About this task: Repeat all the records exactly, omitting pictures.

[Crawled caption data]
*** Begin section ***
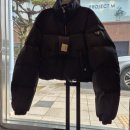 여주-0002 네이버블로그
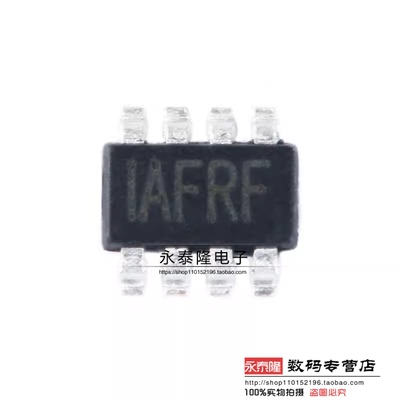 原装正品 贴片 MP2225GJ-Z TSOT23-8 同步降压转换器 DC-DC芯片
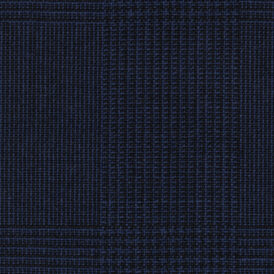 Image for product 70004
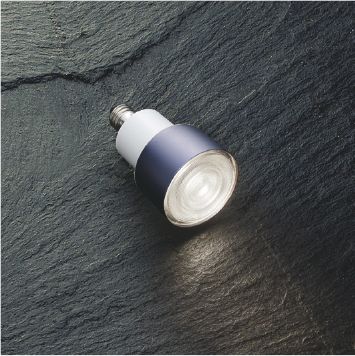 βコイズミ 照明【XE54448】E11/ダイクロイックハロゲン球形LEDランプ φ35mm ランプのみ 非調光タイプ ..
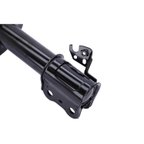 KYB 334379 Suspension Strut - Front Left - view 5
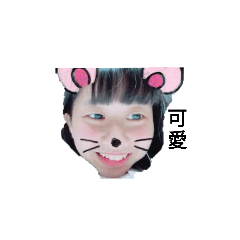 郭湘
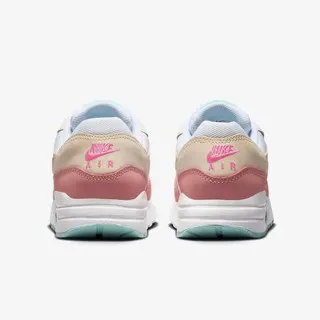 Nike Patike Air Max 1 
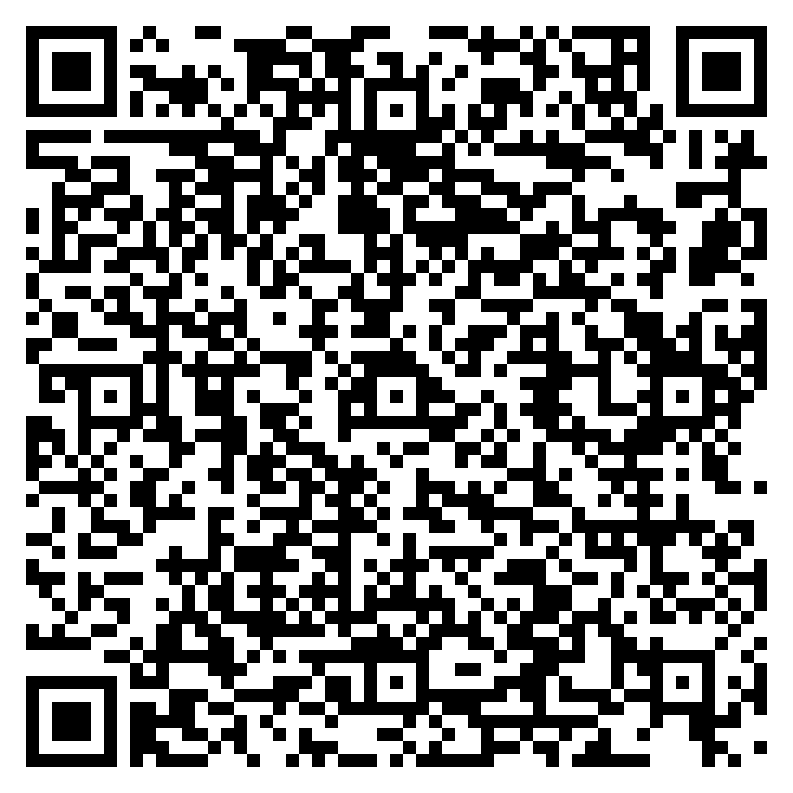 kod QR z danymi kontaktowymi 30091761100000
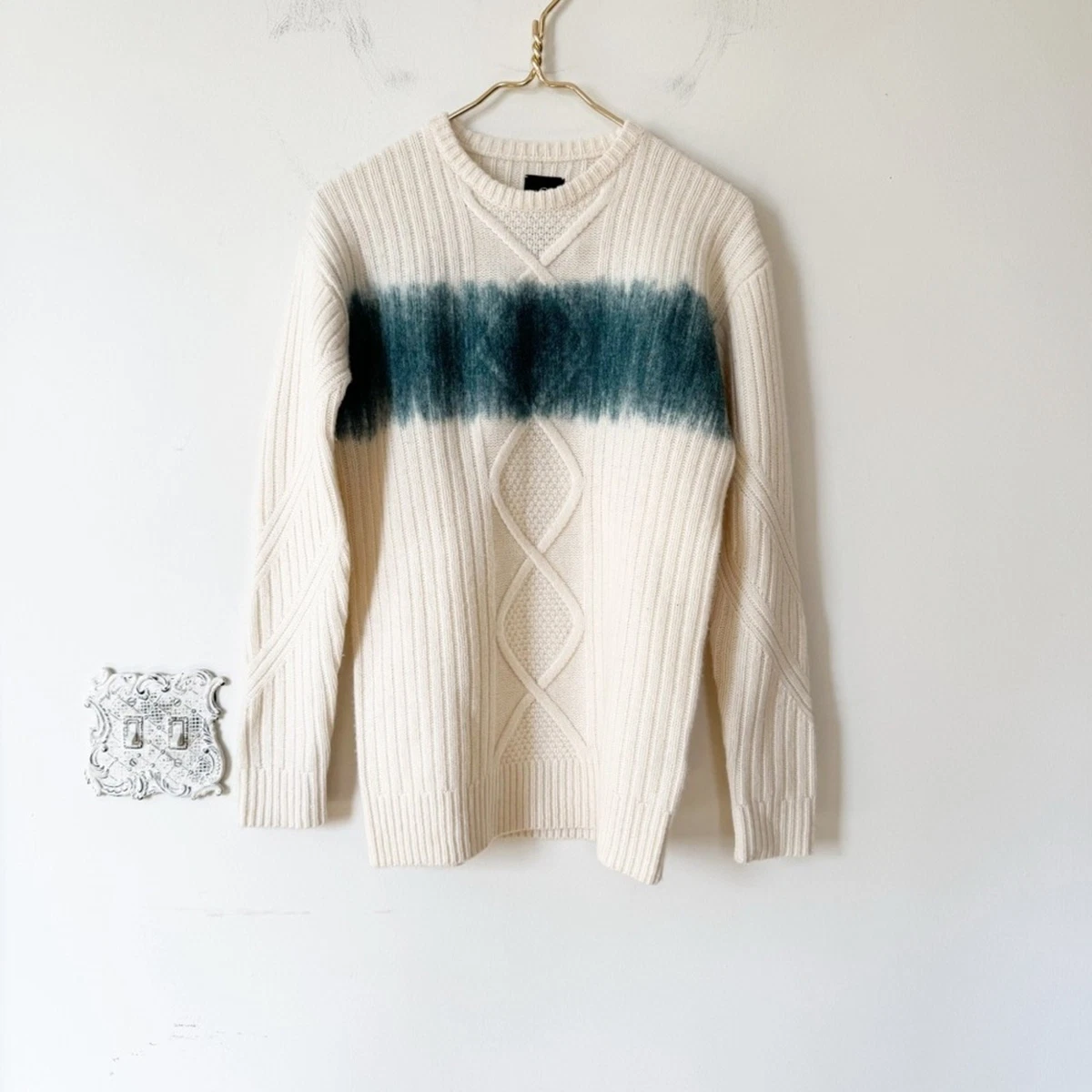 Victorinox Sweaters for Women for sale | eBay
*** End section ***
Answer:
 여주-0002 네이버블로그
 原装正品 贴片 MP2225GJ-Z TSOT23-8 同步降压转换器 DC-DC芯片
 Image for product 70004
 βコイズミ 照明【XE54448】E11/ダイクロイックハロゲン球形LEDランプ φ35mm ランプのみ 非調光タイプ ..
 KYB 334379 Suspension Strut - Front Left - view 5
 郭湘
 Nike Patike Air Max 1 
 kod QR z danymi kontaktowymi 30091761100000
 Victorinox Sweaters for Women for sale | eBay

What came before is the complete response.